Herb Bermann is an American lyricist, screenwriter, and actor. He is best known for co-writing the 1967 debut album Safe as Milk for Captain Beefheart and His Magic Band. The second album Strictly Personal featured four of Bermann's songs, though he was uncredited: "Safe As Milk", "Trust Us," "Gimme Dat Harp Boy," and "Kandy Korn"

A screenplay he co-wrote with Dean Stockwell became the inspiration for Neil Young's 1970 album After the Gold Rush.
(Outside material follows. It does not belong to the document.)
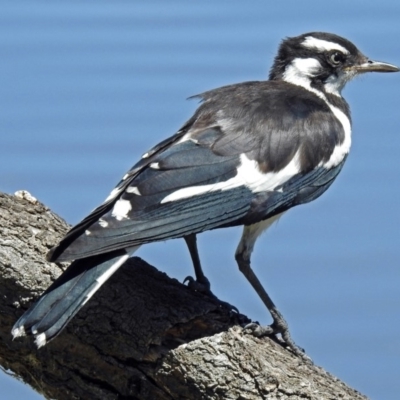 Grallina cyanoleuca (Magpie-lark) at Fyshwick, ACT - 18 Jan 2018 by RodDeb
A book featuring his known and previously unpublished lyrics, The Mystery Man from the Magic Band, was published in 2015 by Brass Tacks Press.

==Selected works==
===Discography===
- Safe as Milk (1967), Captain Beefheart and his Magic Band, Label: Buddah Records, Producers: Richard Perry and Bob Krasnow.
- Strictly Personal (1968) uncredited, Captain Beefheart and his Magic Band, Label: Blue Thumb, Producer: Bob Krasnow.
- Shiny Beast (Bat Chain Puller) (1978), Captain Beefheart and the Magic Band, Label:Warner Bros. (US)/Virgin (UK), Producer:Don Van Vliet, Pete Johnson, One track: "Owed t' Alex"

===Films===
- Malibu Song (2006), Director: Natalie Lettner and Werner Hanak, Producer: Eurotrash Productions.

===Books===
- The Mystery Man from the Magic Band: Captain Beefheart's Writing Partner Revealed (2015), Herb Bermann, Introduction by John French, Interview by Derek Laskie, Foreword by Alec Baldwin, Publisher: Brass Tacks Press.

==Awards==
- 1971 Writers Guild of America Award (Outstanding Teleplay) – The Psychiatrist: Par for the Course, producer (Universal Studios/NBC), director Steven Spielberg.